- [Work to be completed] Skip the pictures and write out, word for word, the lines below from the one with "Juneteenth Is My" through the one with "Make Christmas Great", inclusive.

- [Material supplied]

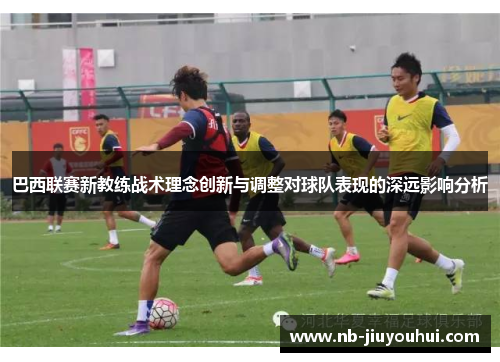 巴西联赛新教练战术理念创新与调整对球队表现的深远影响分析
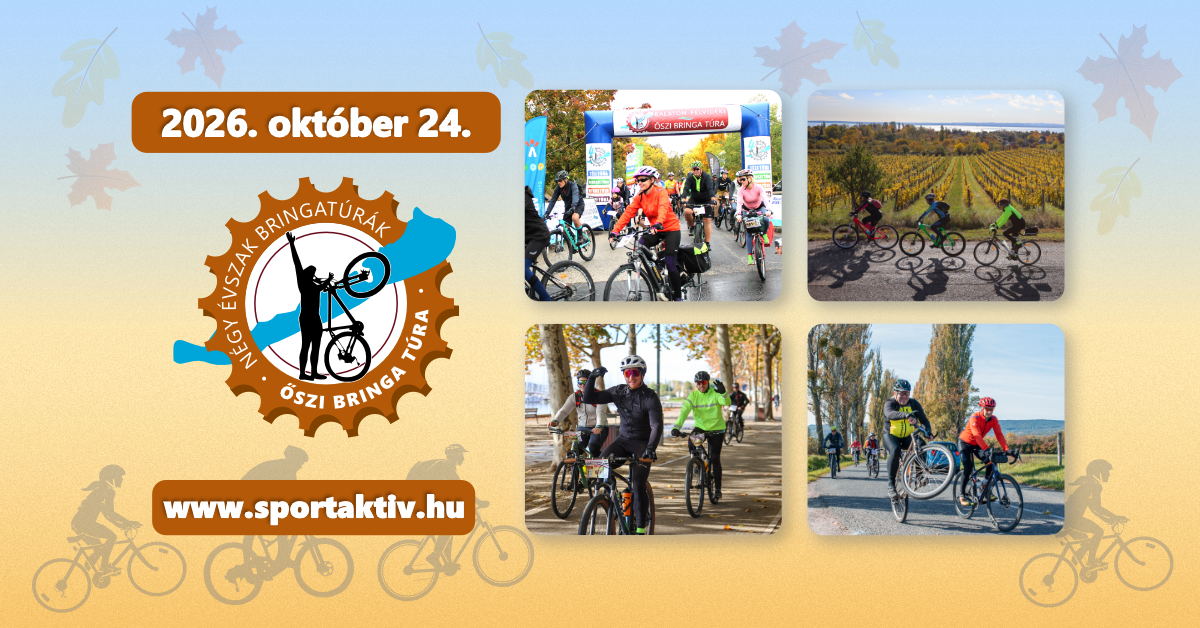 VIII. BALATON-FELVIDÉKI ŐSZI BRINGA TÚRA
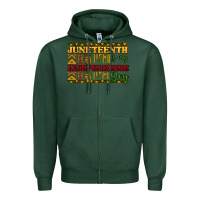 Juneteenth Is My Independence Day Zipper Hoodie | Teevron
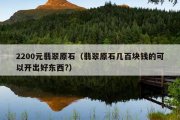 2200元翡翠原石（翡翠原石几百块钱的可以开出好东西?）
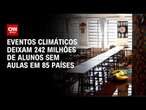 Eventos climáticos deixam 242 milhões de alunos sem aulas em 85 países | LIVE CNN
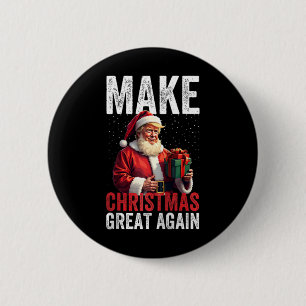 Make Christmas Great Again For Donald Trump Lovers 6 Cm Round Badge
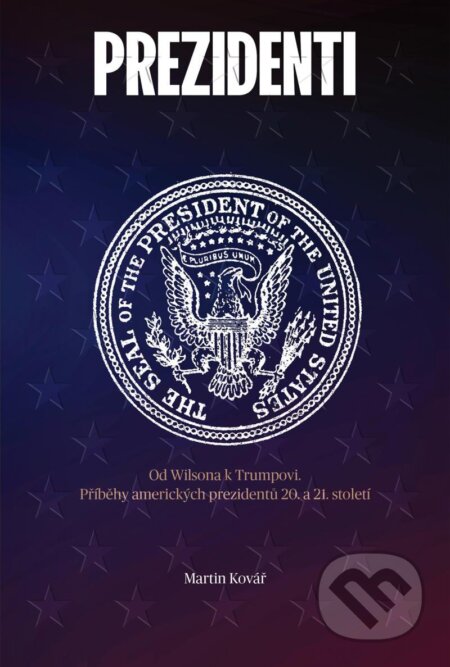Kniha: Prezidenti rozdělené Ameriky (Martin Kovář). INFO.CZ, 2020 Kniha: Prezidenti rozdělené Ameriky (Martin Kovář). INFO.CZ, 2020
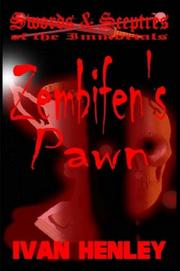 Cover of: Zembifen's Pawn (Swords & Sceptres of the Immortals) by Ivan Henley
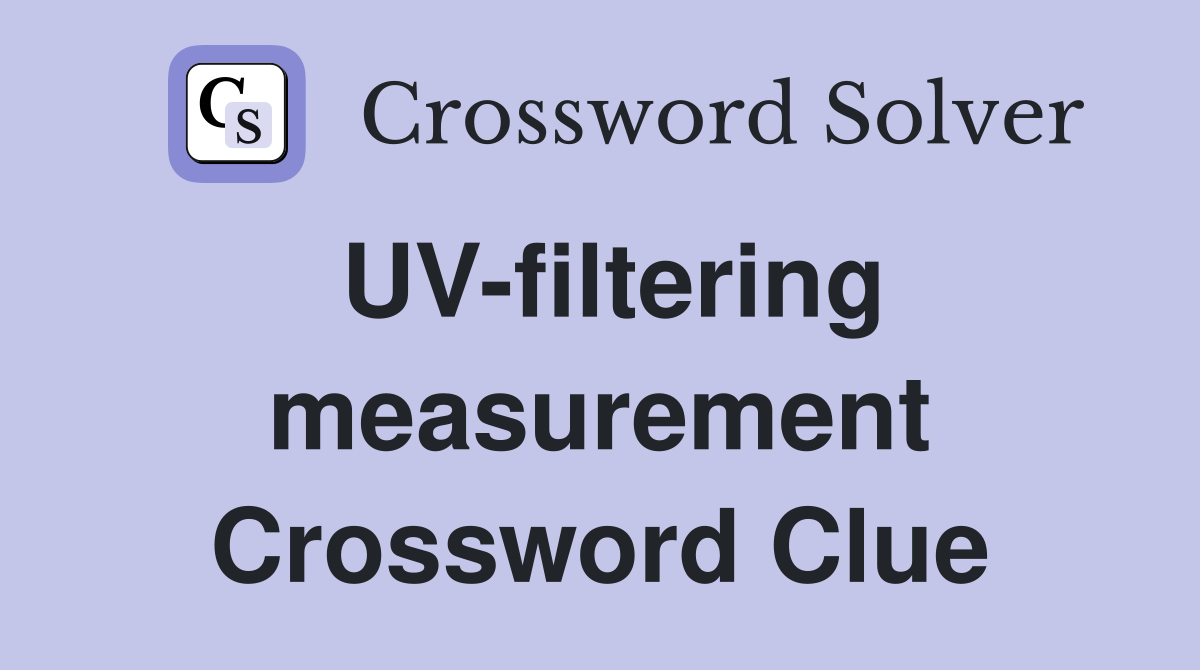 UV-filtering measurement Crossword Clue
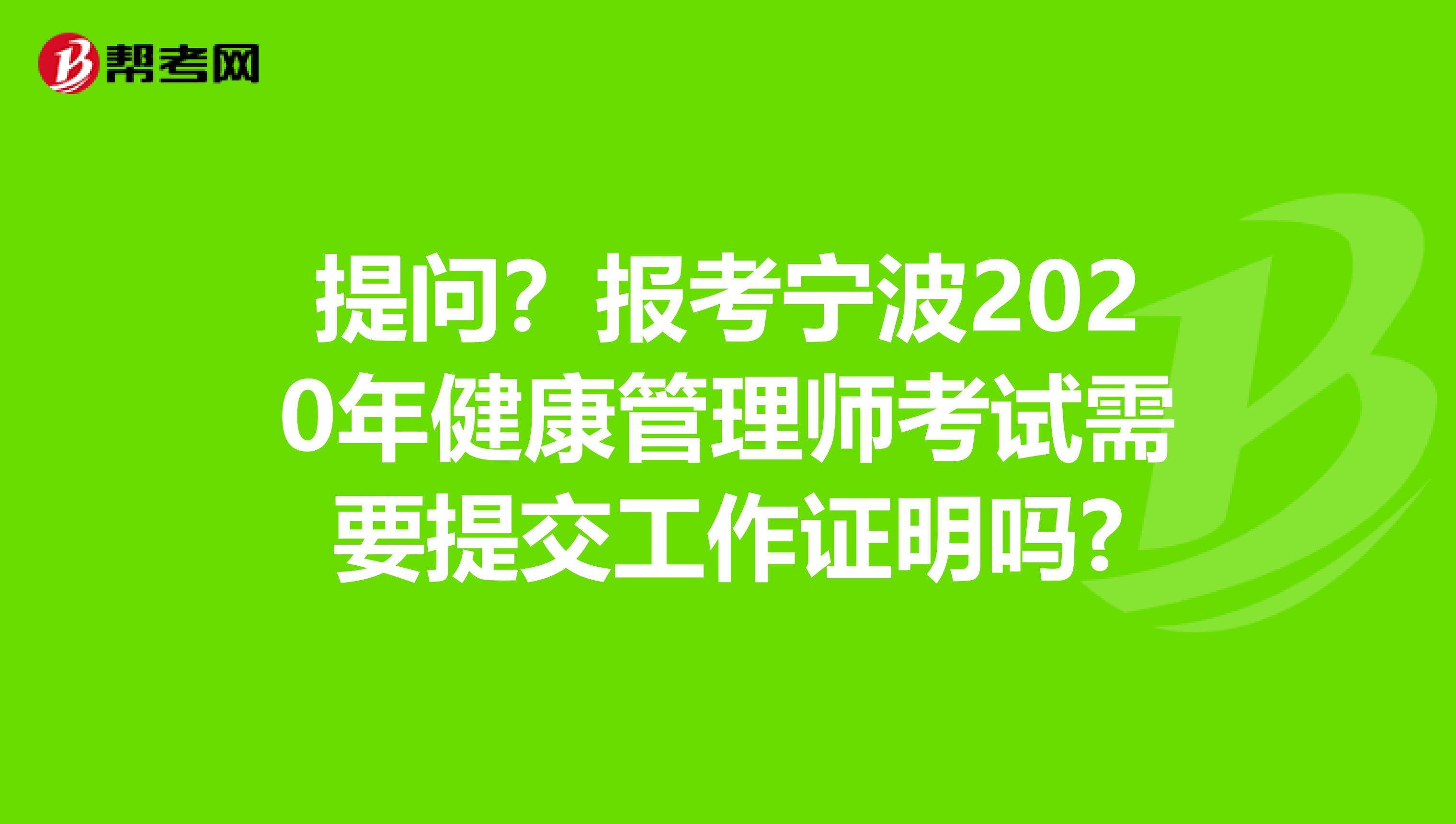 提问？报考宁波2020年健康管理师考试需要提交工作证明吗?
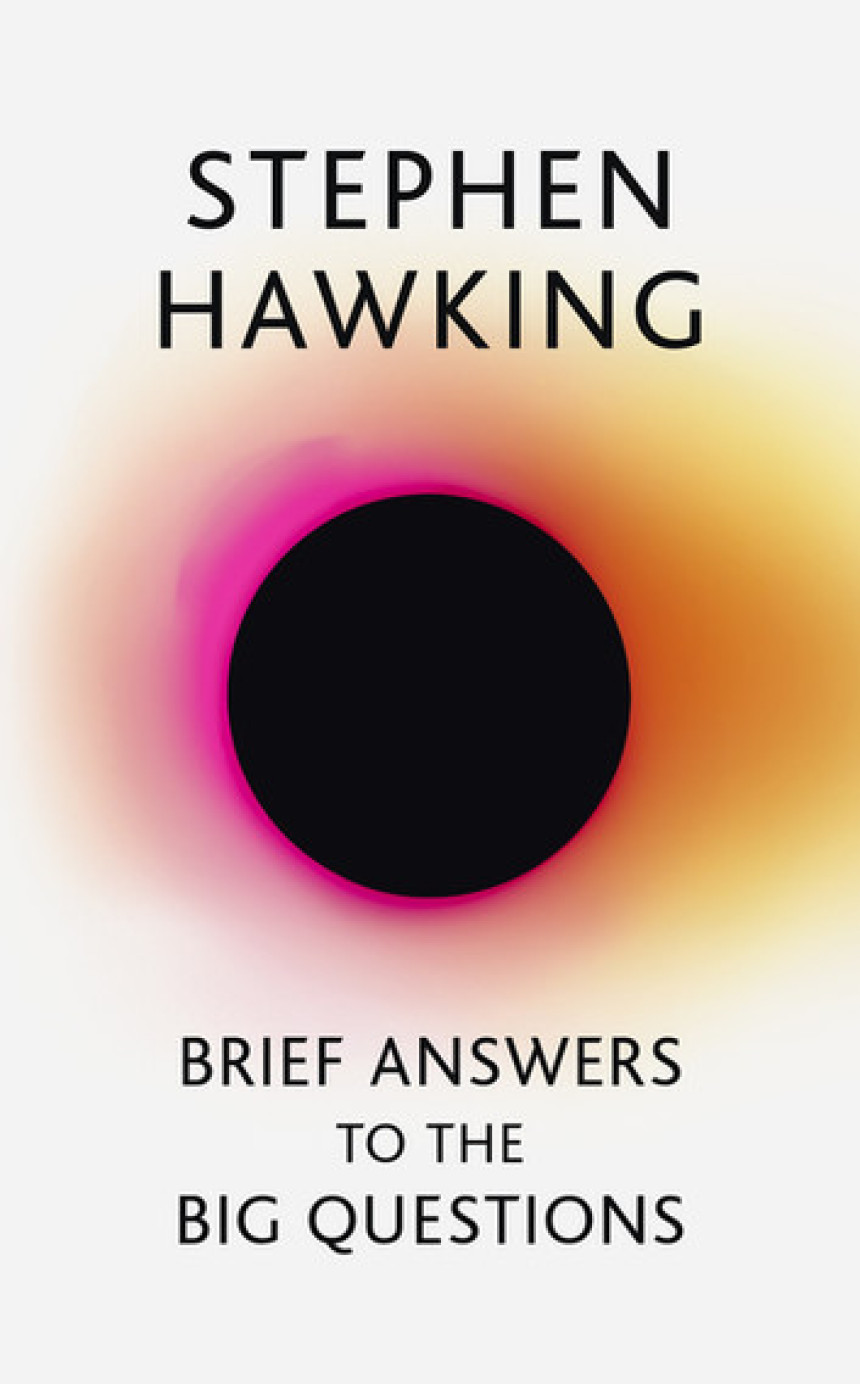 Free Download Brief Answers to the Big Questions by Stephen Hawking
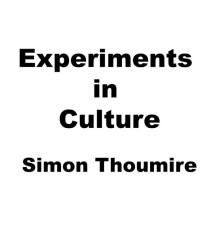 Simon Thoumire - Experiments in Culture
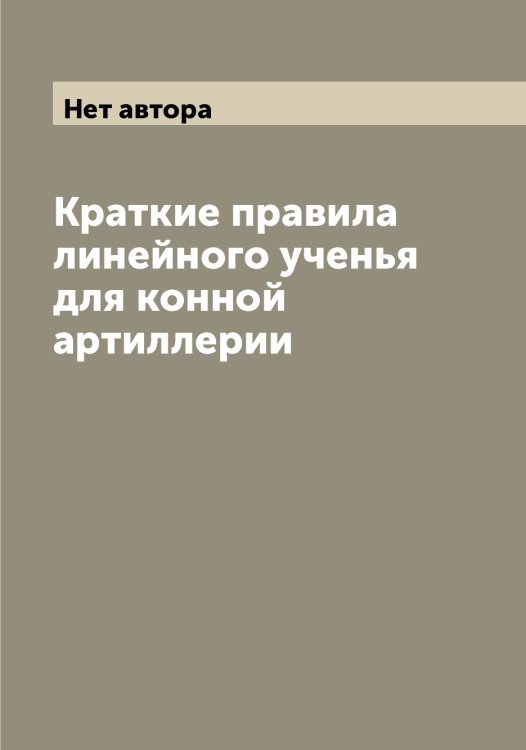 Обложка книги «Краткие правила линейного ученья для конной артиллерии» — Нет автора, ISBN 9785519816519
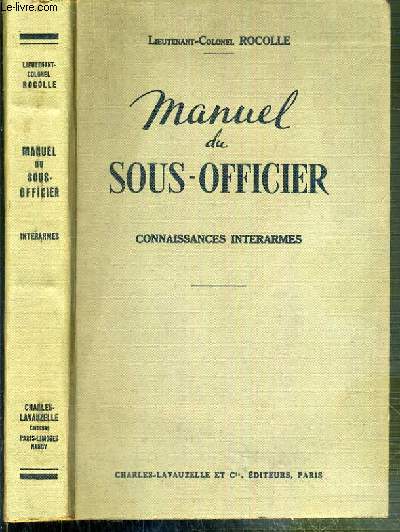 MANUEL DU SOUS-OFFICIER - CONNAISSANCE INTERARMES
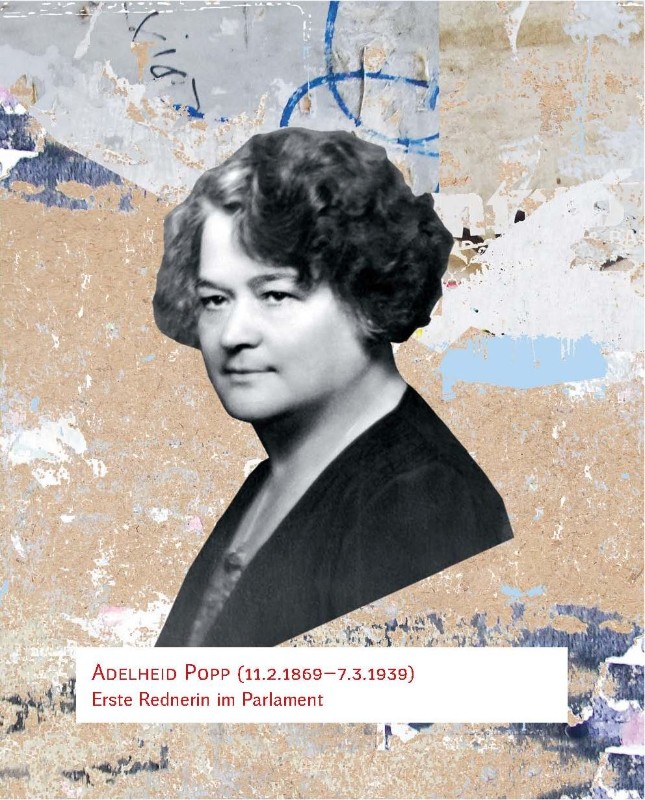 Adelheid Popp (11.2.1869–7.3.1939) Erste Rednerin im Parlament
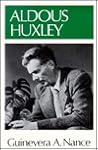 Aldous Huxley (Literature & Life) Aldous Huxley (Literature & Life)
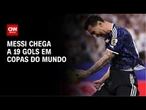 Messi amplia artilharia histórica em Copas e bate novo recorde mundial | AGORA CNN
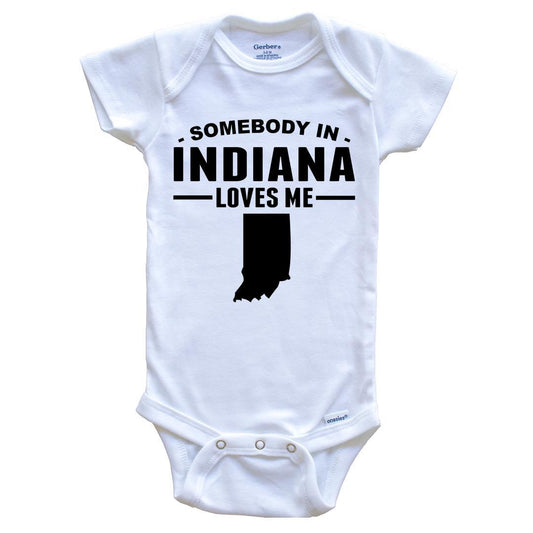 Somebody In Indiana Loves Me Baby Onesie - Indiana Baby Bodysuit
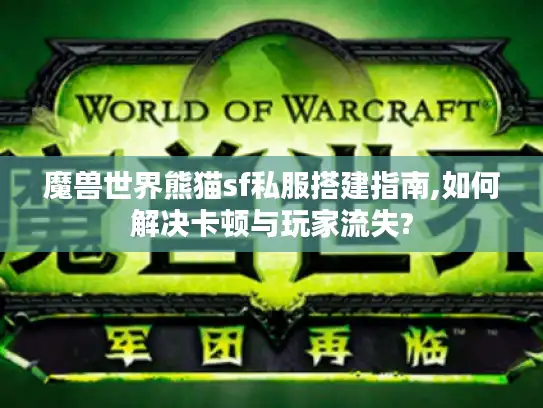 魔兽世界熊猫sf私服搭建指南,如何解决卡顿与玩家流失?
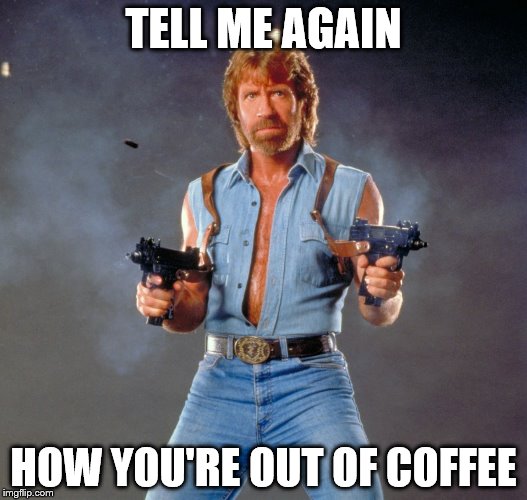 Chuck Norris Guns | TELL ME AGAIN; HOW YOU'RE OUT OF COFFEE | image tagged in memes,chuck norris guns,chuck norris | made w/ Imgflip meme maker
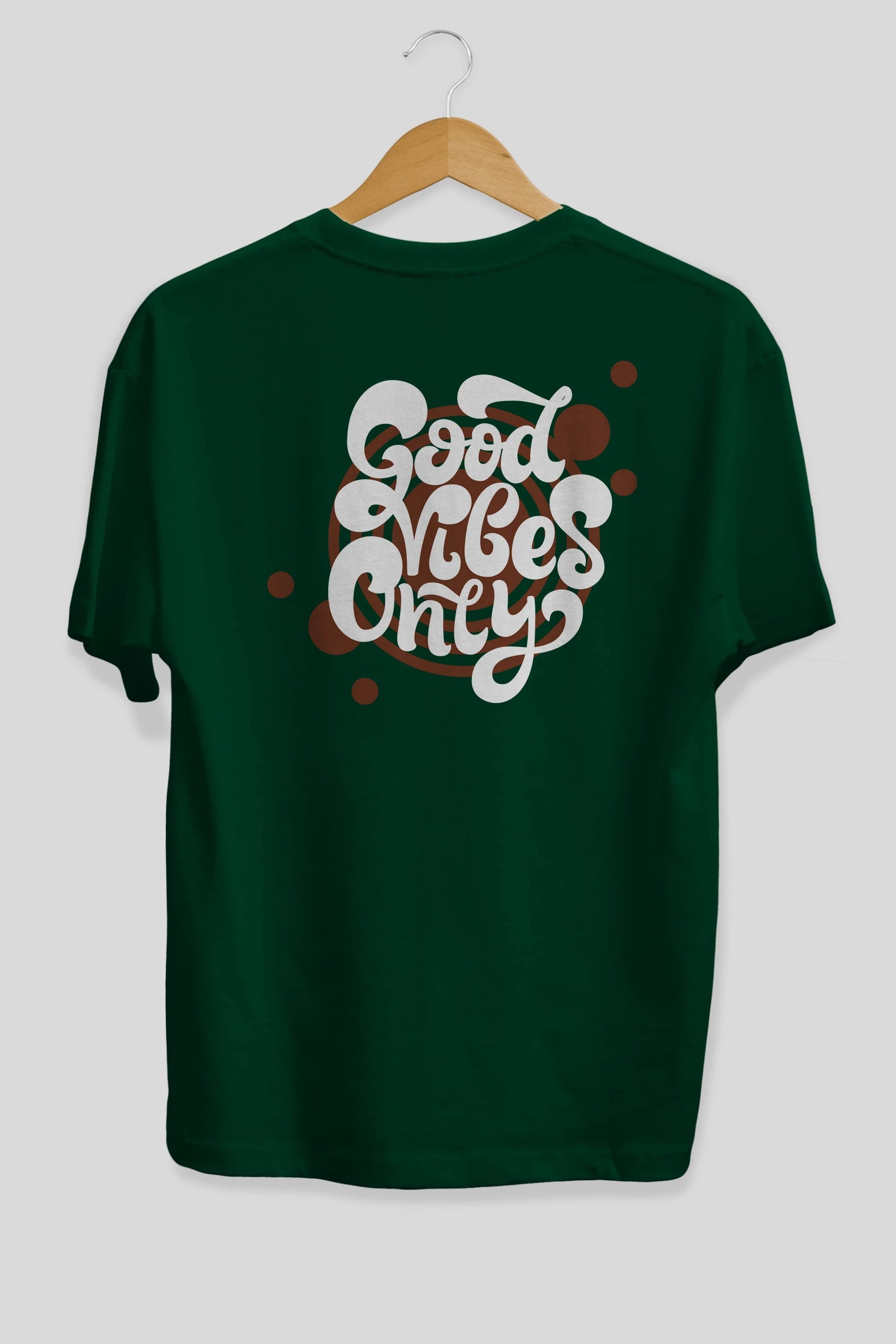 Good Vibes Only Yazılı Arka Baskılı Oversize t-shirt Erkek Kadın Unisex
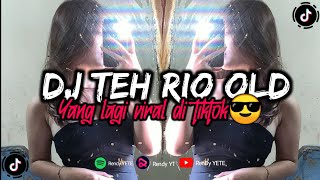 SOUND KANE FYP TIKTOK😎 DJ TEH RIO OLD ( SLOW   KANE ) 2K22🎶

- [Answer section]
 Juneteenth Is My Independence Day Zipper Hoodie | Teevron
 2200元翡翠原石（翡翠原石几百块钱的可以开出好东西?）
 Eventos climáticos deixam 242 milhões de alunos sem aulas em 85 países | LIVE CNN
 Make Christmas Great Again For Donald Trump Lovers 6 Cm Round Badge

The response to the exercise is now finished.